George and Julie Johnson in 1995 [Photo courtesy of Julie Johnson]
When he wanted to preserve the old Elkin house, where he started the Art Department’s printmaking program in 1966, Julie Johnson went to the courthouse to research the building and discovered its history as Breezedale.
The Johnsons worked very much as a team, according to Christopher Weiland ’73, one of George Johnson’s former students who later became a colleague on the Art faculty.
And, together, they were effective.
In his nearly 30 years on the IUP faculty, George Johnson had artwork exhibited in 14 major shows and included in museum collections across the state.
Their efforts also were instrumental in restoring Breezedale and placing both it and the Saltsburg canal, which George Johnson had written about in several published works, into the National Register of Historic Places.
“George was a historian,” Weiland said, “and Julie was his worker bee.“
Sutton Hall and the old Indiana courthouse were other buildings that needed saving, and the Johnsons were part of those campaigns, as well.
Shortly after her husband’s death in March 1997, Julie Johnson gave more than 70 pieces from his private collection to the University Museum.

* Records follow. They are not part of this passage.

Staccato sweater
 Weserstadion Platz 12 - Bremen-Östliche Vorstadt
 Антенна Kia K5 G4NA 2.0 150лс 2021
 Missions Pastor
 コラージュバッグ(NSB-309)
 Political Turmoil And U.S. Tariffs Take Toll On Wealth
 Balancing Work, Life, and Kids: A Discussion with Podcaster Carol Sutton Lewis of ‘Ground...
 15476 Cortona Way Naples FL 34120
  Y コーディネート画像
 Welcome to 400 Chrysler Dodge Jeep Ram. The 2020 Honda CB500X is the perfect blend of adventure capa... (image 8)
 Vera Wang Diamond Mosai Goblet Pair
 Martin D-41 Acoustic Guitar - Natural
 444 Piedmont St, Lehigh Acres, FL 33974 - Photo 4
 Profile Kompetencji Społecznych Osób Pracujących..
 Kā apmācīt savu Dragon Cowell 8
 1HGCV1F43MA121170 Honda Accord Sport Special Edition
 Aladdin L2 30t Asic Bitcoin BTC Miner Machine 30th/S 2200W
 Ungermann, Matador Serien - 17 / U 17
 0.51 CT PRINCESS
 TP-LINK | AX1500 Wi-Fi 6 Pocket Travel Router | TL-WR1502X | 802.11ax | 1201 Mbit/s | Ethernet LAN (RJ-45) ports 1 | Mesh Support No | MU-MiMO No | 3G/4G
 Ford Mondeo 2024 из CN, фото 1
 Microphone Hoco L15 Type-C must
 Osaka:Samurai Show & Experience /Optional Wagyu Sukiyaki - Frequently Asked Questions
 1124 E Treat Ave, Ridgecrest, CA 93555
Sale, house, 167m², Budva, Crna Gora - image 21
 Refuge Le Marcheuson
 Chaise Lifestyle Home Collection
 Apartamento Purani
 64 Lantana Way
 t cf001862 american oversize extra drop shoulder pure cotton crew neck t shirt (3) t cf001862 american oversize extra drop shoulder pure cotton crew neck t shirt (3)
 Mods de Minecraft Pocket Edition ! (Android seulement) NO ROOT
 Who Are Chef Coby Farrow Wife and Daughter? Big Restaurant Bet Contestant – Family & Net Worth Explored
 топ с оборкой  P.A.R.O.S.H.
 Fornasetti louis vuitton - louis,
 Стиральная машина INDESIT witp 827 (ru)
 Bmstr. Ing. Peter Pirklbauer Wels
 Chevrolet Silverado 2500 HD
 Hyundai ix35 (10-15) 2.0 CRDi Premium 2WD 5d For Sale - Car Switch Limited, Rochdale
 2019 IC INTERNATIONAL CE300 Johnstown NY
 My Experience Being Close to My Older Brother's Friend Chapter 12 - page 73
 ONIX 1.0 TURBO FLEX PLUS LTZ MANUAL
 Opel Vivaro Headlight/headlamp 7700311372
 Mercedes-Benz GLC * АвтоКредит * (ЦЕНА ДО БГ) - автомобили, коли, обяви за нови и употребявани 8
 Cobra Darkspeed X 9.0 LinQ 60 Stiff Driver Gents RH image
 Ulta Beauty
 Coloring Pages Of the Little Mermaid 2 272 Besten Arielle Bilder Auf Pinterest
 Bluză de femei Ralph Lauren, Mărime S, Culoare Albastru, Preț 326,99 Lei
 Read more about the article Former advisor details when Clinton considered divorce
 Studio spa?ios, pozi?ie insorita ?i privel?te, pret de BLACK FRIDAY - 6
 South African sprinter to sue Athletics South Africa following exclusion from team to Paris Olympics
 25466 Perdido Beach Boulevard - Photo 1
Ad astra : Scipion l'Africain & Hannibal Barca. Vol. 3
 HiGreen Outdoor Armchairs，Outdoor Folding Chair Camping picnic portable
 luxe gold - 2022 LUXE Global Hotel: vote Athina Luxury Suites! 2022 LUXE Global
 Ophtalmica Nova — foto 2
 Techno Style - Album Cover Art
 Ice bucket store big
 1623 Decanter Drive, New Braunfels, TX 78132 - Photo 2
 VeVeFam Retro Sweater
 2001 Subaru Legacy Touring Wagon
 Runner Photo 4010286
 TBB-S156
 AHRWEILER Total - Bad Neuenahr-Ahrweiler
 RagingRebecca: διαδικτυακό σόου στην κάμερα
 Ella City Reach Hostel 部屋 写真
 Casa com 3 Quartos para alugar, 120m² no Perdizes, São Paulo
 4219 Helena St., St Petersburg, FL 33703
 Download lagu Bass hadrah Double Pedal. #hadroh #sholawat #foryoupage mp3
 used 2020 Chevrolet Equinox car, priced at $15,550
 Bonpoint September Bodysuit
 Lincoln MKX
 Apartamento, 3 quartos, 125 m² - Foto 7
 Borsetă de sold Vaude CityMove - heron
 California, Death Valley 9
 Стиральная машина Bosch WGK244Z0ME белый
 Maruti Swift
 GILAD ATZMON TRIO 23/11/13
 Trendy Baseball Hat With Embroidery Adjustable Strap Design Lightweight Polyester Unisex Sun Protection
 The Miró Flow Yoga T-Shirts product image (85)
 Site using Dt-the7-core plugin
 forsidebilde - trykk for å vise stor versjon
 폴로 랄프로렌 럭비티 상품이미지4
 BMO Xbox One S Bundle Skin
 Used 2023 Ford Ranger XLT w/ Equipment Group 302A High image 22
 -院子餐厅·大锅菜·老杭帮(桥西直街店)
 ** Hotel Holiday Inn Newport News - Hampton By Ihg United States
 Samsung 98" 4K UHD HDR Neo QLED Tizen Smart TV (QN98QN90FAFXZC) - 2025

Now living in Port Charlotte, Florida, and set to turn 90 in June, she recently gave the museum many of the remaining lithographs, woodblock prints, and etchings, a gift appraised at nearly $135,000. A number of those prints are now on display in the IUP Performing Arts Center.
Julie Johnson remembers her husband’s last time at IUP. As a professor emeritus, he continued to use the studio in Sprowls after his retirement to help students with their artwork and to create his own.

Hundreds of prints by the late George Johnson, professor emeritus of art, were donated by his wife, Julie, to the University Museum. Some are on display in the mezzanine lounge of Fisher Auditorium in the IUP Performing Arts Center. [Photo: Keith Boyer]
In January 1997, about two months before his death, they worked in the studio until midnight before heading to Florida for the rest of the winter. As George Johnson hung the lithographs that night, he told his wife they would have to finish them when they returned.
He never did. But Julie Johnson made sure his artwork found a permanent home on campus.